菜園起業の魅力の第一は、食べ物を育てているので、文字通り「食いっぱぐれ」がないことでしょう。
農家は、自分で育てた野菜を食べる「自給」、売る「単純商品生産(単純商品流通)」の他に、事務所やお店、工場に働きにいく「賃労働」もしています。
農家には、複数の収入源があり、その収入にも、現金所得だけでなく、現物所得があるわけです。このように、複線型の人生経営をしていて「最後には食べ物がある」と言えるのが、農家的な強さです。
都会人は、賃労働しかしていないので、雇用を失うと生活に行き詰まってしまいます。現物所得が得られる暮らしなら、雇用をなくしてもすぐに行き詰まると言うことはありません。
最近は、田舎の空き家や空き地をただ同然の値段で借り、野菜を育てる半農生活者の方も出てきました。食べ物を育てる力を身につければ、そういう暮らし方も可能になります。
現金が得られると言うのも、菜園起業の魅力の一つです。その分だけ、よそに働きにいく必要がなくなるからです。
そもそも、資本主義社会における賃労働は、マルクスが指摘するように「労働において他人に従属する」と言う性格を持っています。
現代社会では、「心」や「人格」を売るような働き方を求められ、しかも、見返りが少ないこともしばしばあるでしょう。
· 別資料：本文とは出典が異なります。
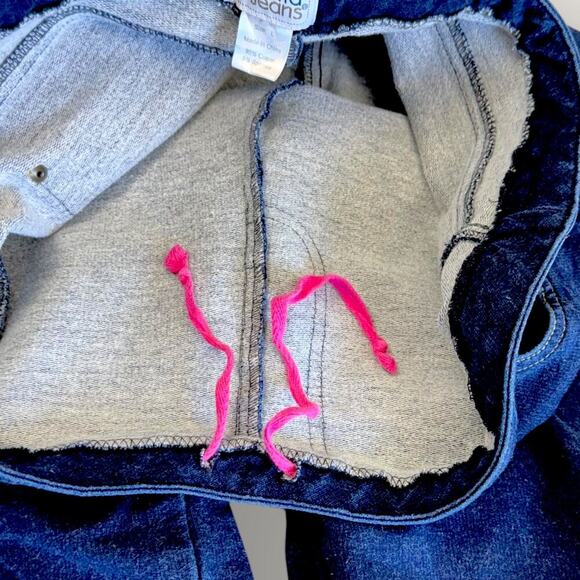 Pajama Jeans Bootcut Mid Rise Terry Stretch Pullon Drawstring Jeans Size L Blue - Picture 11 of 15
自然や人とふれあい、生命の息吹を感じる半農の活動で多少なりともお金が得られれば、心や体を病むような働き方の頻度を減らす事も可能になると言えるでしょう。
複線的な農家の人生経営
労働は、自然に働きかけて生産物を得る事を指します。
農家は、労働の成果として得られた生産物を食べる「自給」。
他人の労働の成果と交換する「物々交換」、
生産物を販売して現金を得る「単純商品流通」
など、複数の経営手段を持っています。
農家の経営目的は、「利潤」ではなく、「所得」、
つまり、生活のための収入の確保です。
「所得」には、現金所得と現物所得があります。
「労働力」を売る賃労働
自然に働きかけて生産を行うためには、土地や機械などの生産手段が必要になります。
生産手段を持たない人は、「労働力」を販売して、現金を獲得し、その現金で衣食住などの消費財を購入することで生存を確保することになります。